New ministry can sabotage Devolution

By Dominic Odipo

Kenya: There are one, two or three things about the new Ministry or Department of Devolution and Planning, which we believe thousands, even millions, of ordinary Kenyans have not understood.

The first is its name. Why has it been designated as the Department of Devolution and Planning and not, say, the Department of Planning and Devolution? Is its core mandate meant to be devolving government to the counties, stifling and frustrating such devolved government or simply non-political national planning, if any such animal exists?

The second is the timing. Is this the best time for creating a Department of Devolution in the national Cabinet just when we are beginning to devolve government to our 47 new counties? Doesn’t a department of Devolution, ipso facto, create the impression that the national Government is trying to hold back devolution for one reason or another?

Starving counties

The third is the funding which will be available to this department. According to the official figures published last week, this department has been allocated just under Sh70 billion for the financial year which, incidentally, begins Monday.

To appreciate the magnitude of this figure, consider what the corresponding funding for some of our counties will be over the same period. The total amount of money which has been allocated to the whole of the former Western Province for this financial year is just over Sh20.56 billion.

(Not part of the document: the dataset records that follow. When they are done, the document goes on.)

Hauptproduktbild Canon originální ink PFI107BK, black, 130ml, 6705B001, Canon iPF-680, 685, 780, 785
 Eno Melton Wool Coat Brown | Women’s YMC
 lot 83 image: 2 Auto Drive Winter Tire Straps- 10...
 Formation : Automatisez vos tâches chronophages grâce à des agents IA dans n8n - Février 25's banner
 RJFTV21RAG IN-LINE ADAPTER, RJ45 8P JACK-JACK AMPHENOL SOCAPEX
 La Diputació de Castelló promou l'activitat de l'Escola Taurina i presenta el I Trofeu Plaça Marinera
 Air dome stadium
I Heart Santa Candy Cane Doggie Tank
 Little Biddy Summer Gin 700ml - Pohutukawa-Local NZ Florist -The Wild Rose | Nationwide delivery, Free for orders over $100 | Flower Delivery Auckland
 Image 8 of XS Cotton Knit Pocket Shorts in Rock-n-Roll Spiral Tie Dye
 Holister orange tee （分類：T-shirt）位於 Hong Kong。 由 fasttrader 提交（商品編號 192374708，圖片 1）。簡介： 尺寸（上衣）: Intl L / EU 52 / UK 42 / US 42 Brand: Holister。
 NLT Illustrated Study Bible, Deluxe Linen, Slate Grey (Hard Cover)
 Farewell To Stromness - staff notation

Of the four counties in the region, the largest, Kakamega, will receive just over Sh7.35 billion while the smallest, Vihiga, will get just over Sh3.02 billion. Of the remainder, Bungoma will get Sh5.94 billion while Busia will receive Sh4.25 billion.

Meagre allocations

But the department of Devolution, remember, will receive at least Sh68 billion. The six counties in the former Nyanza Province will receive a total of just over Sh28.44 billion. This amount has been shared out as follows:  Siaya Sh3.97 billion; Kisumu Sh4.86 billion; Homa Bay Sh5.72 billion; Migori Sh4.76 billion; Kisii Sh5.82 billion and Nyamira, Sh3.31 billion.

Now take the former Coast Province. The six counties in that region have been allocated a total of just over Sh21.51 billion which has been shared out as follows: Lamu Sh1.60 billion; Taita Taveta Sh2.62 billion; Tana River Sh3.11billion; Kwale Sh4.02 billion; Mombasa Sh4.34 billion; and Kilifi Sh5.82 billion.

This means the total amount of money allocated to the former Western, Nyanza and Coast provinces, which constitute 16 of our counties, is just over Sh70.51 billion, roughly the same amount that has been given to the Department of Devolution, plus or minus only about one billion shillings.

What exactly is going on here? Why is so much money being allocated to a department whose core functions, prima facie, are supposed to be carried out by the county governments themselves? Is there some joker card here that the rest of us are not seeing?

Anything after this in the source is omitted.